═══ Available data ═══

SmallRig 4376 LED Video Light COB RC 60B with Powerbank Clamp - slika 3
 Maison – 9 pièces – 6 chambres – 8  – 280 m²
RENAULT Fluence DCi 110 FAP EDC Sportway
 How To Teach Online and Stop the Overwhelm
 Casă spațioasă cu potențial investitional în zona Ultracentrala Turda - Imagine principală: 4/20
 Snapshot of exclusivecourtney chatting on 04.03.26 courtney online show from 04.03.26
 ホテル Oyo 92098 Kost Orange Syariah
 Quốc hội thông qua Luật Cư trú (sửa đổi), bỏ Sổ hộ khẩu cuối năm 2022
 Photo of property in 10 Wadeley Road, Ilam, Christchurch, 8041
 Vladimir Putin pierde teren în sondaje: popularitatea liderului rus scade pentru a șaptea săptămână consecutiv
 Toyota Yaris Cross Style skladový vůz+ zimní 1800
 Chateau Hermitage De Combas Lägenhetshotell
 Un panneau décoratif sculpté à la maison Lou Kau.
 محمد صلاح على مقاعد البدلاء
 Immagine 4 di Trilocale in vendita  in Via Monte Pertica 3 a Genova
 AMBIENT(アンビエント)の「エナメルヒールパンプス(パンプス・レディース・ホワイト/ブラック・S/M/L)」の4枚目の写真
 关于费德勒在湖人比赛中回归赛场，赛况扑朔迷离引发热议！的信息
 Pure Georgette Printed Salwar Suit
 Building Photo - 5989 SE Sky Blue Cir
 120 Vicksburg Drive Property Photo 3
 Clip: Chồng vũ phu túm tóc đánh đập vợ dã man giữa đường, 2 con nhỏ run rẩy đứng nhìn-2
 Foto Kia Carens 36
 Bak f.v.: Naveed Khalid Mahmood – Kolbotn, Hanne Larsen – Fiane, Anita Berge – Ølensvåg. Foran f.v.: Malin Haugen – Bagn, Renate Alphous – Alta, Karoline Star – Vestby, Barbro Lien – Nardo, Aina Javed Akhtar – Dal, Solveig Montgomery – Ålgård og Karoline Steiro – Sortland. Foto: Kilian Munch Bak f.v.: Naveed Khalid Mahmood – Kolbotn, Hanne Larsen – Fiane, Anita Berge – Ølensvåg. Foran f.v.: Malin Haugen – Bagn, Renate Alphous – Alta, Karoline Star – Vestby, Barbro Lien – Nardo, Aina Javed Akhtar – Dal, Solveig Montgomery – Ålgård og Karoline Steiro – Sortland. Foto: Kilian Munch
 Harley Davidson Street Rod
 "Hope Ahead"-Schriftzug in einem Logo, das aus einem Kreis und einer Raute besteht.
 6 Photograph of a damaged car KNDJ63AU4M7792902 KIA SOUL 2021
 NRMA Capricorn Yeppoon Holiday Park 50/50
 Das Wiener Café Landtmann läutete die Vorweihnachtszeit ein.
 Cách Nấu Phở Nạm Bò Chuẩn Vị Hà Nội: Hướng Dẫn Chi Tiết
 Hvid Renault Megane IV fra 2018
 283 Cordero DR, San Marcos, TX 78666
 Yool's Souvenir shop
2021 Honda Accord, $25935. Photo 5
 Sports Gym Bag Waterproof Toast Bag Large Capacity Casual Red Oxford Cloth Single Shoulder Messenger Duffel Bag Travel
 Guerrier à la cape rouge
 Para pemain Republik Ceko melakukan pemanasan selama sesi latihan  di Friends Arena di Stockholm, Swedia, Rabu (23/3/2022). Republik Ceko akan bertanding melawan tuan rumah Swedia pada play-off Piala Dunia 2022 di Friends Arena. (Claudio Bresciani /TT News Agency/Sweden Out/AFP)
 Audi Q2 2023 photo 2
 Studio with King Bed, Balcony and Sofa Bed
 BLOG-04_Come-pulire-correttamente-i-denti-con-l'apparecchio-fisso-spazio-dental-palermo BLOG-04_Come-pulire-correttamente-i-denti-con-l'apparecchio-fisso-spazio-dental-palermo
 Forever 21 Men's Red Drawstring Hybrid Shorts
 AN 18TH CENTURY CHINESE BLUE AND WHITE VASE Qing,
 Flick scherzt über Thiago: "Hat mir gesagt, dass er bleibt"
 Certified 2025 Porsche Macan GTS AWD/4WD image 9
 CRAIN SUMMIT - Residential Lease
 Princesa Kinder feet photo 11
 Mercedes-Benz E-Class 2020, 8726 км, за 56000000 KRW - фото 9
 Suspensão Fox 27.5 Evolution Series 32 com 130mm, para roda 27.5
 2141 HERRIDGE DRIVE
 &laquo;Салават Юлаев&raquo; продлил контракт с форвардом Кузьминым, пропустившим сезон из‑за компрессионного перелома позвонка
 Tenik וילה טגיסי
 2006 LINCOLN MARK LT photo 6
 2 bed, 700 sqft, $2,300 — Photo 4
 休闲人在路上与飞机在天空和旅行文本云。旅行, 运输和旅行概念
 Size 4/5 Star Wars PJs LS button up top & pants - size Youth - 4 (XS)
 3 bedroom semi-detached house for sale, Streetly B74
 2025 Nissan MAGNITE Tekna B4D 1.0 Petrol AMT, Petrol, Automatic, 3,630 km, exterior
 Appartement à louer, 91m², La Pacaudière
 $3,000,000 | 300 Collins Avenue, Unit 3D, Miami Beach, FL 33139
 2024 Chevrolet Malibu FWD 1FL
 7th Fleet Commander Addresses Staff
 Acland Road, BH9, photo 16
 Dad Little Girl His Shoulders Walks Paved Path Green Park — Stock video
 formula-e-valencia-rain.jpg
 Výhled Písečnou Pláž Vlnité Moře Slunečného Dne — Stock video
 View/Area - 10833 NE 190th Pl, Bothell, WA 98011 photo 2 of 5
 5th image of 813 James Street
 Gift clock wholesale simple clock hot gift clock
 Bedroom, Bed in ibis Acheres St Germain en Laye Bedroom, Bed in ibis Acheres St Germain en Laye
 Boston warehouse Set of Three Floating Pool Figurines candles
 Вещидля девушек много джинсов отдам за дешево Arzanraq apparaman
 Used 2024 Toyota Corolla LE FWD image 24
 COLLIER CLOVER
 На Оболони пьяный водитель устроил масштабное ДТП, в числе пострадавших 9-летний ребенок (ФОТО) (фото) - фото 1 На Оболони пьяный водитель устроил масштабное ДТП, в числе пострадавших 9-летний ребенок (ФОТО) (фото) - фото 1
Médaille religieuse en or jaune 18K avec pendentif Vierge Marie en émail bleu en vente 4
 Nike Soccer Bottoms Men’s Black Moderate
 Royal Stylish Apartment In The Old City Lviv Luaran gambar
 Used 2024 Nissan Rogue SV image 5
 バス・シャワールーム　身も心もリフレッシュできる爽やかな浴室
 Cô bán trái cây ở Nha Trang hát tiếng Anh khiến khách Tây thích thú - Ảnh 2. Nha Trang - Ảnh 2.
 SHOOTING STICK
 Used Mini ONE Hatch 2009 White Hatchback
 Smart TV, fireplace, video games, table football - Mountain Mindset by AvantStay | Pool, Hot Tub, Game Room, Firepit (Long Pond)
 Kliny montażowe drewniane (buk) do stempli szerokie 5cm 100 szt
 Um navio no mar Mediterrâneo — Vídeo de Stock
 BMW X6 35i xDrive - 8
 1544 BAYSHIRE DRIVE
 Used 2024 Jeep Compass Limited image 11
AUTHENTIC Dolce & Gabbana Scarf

═══

**What this task involves**:
The reply should hold only the lines from the first line of the listing above through the line with "Toyota Yaris Cross", each copied exactly.

**Answer section**:
SmallRig 4376 LED Video Light COB RC 60B with Powerbank Clamp - slika 3
 Maison – 9 pièces – 6 chambres – 8  – 280 m²
RENAULT Fluence DCi 110 FAP EDC Sportway
 How To Teach Online and Stop the Overwhelm
 Casă spațioasă cu potențial investitional în zona Ultracentrala Turda - Imagine principală: 4/20
 Snapshot of exclusivecourtney chatting on 04.03.26 courtney online show from 04.03.26
 ホテル Oyo 92098 Kost Orange Syariah
 Quốc hội thông qua Luật Cư trú (sửa đổi), bỏ Sổ hộ khẩu cuối năm 2022
 Photo of property in 10 Wadeley Road, Ilam, Christchurch, 8041
 Vladimir Putin pierde teren în sondaje: popularitatea liderului rus scade pentru a șaptea săptămână consecutiv
 Toyota Yaris Cross Style skladový vůz+ zimní 1800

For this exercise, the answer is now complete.